Deuxième pays après la France, en termes de nombre pratiquant
le français en partage, l'Algérie se prépare à tronquer
son costume d'invité contre celui de membre à part entière
du regroupement. Et, cela même si le chef de la diplomatie algérienne,
Abdelaziz Belkhadem, veut tempérer l'engagement de l'Algérie
au sein de l'Organisation internationale de la francophonie (OIF).

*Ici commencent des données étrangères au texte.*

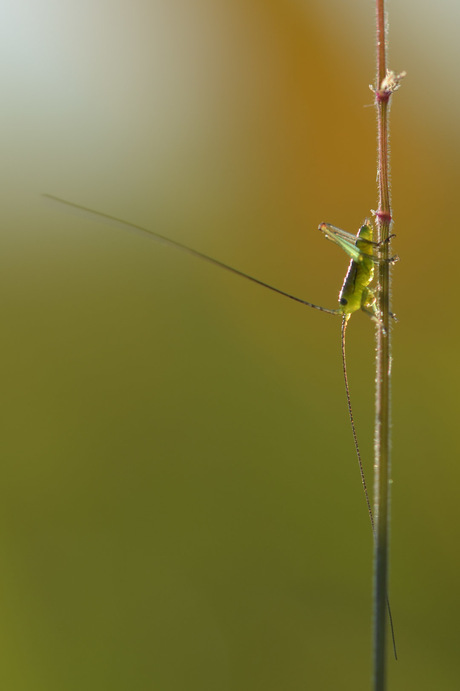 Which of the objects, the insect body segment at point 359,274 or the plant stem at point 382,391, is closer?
the plant stem at point 382,391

L'Algérie,
notamment, a-t-il déclaré « n'a pas encore décidé de
rejoindre l'OIF ni de modifier son statut d'invité pour devenir
membre de cette organisation ». Cependant, la présence
du président de la République M. Abdelaziz Bouteflika au
10e sommet de la francophonie qui se tiendra dans la capitale burkinabée,
Ouagadougou, les 26 et 27 novembre 2004 est un prélude de l'adhésion
de l'Algérie à l'OIF, selon des observateurs qui affirment
que « l'Algérie n'a aucune raison de manquer un tel rendez-vous
au moment où les Etats n'ont pratiquement aucun poids en dehors
du regroupement ».
Depuis son élection à la magistrature suprême, Abdelaziz
Bouteflika n'a jamais caché son penchant pour la francophonie. Une attitude
mal perçue par le courant islamiste représenté aussi bien
au sein de l'opposition qu'au sein de l'Alliance présidentielle déjà ébranlée.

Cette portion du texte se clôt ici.